Provided material
════════════════

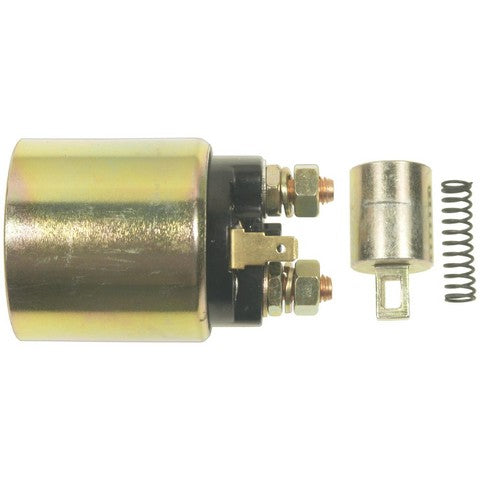 Standard Ignition Starter Solenoid P/N:SS-740 Fits: Acura Slx 99-96, Isuzu Trooper 02-94 - Image 1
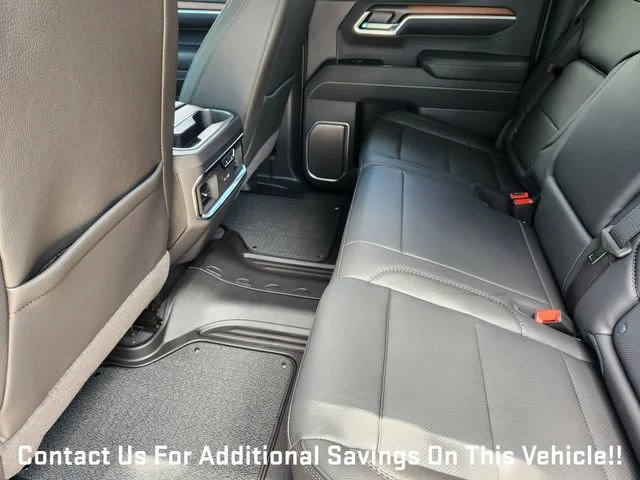 2026 GMC Sierra 1500 Denali - Photo 21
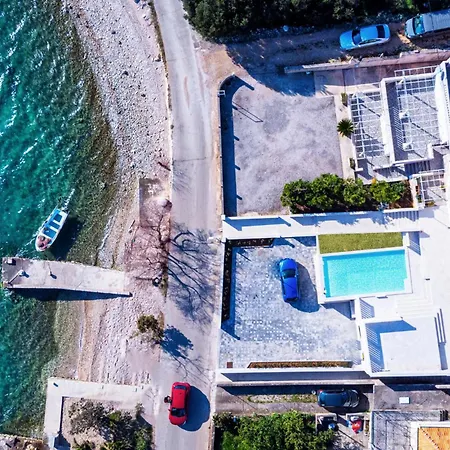 Awesome In With House Sea View Ferienhaus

════════════════

Problem details
From the line holding "2026 GMC Sierra 1500 Denali - Photo 21" to the final line of the data above, give each line again exactly, both ends included, and drop the pictures.

Answer for the task
 2026 GMC Sierra 1500 Denali - Photo 21
 Awesome In With House Sea View Ferienhaus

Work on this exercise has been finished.